→ **What the task requires**:
Please write out the listing exactly, leaving each picture out.

→ **Given information**:
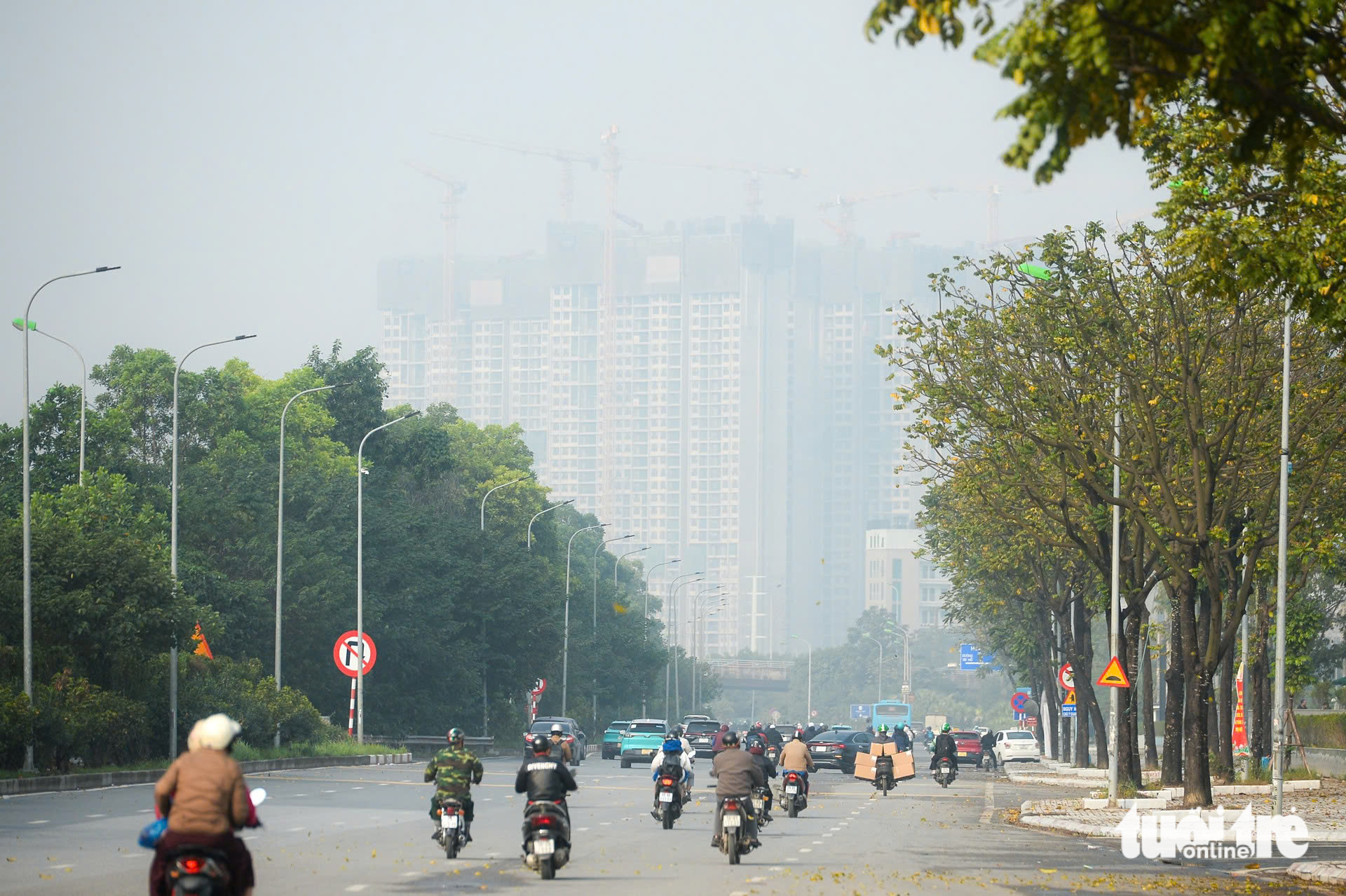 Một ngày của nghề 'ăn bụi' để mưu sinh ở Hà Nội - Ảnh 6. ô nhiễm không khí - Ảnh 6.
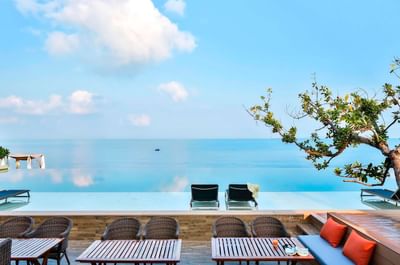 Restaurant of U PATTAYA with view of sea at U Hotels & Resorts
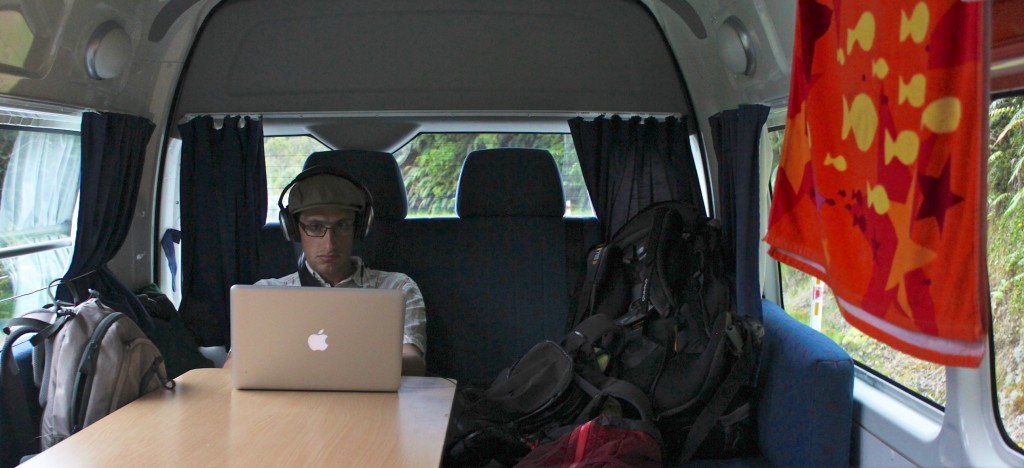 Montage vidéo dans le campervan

→ **Result for this task**:
 Một ngày của nghề 'ăn bụi' để mưu sinh ở Hà Nội - Ảnh 6. ô nhiễm không khí - Ảnh 6.
 Restaurant of U PATTAYA with view of sea at U Hotels & Resorts
 Montage vidéo dans le campervan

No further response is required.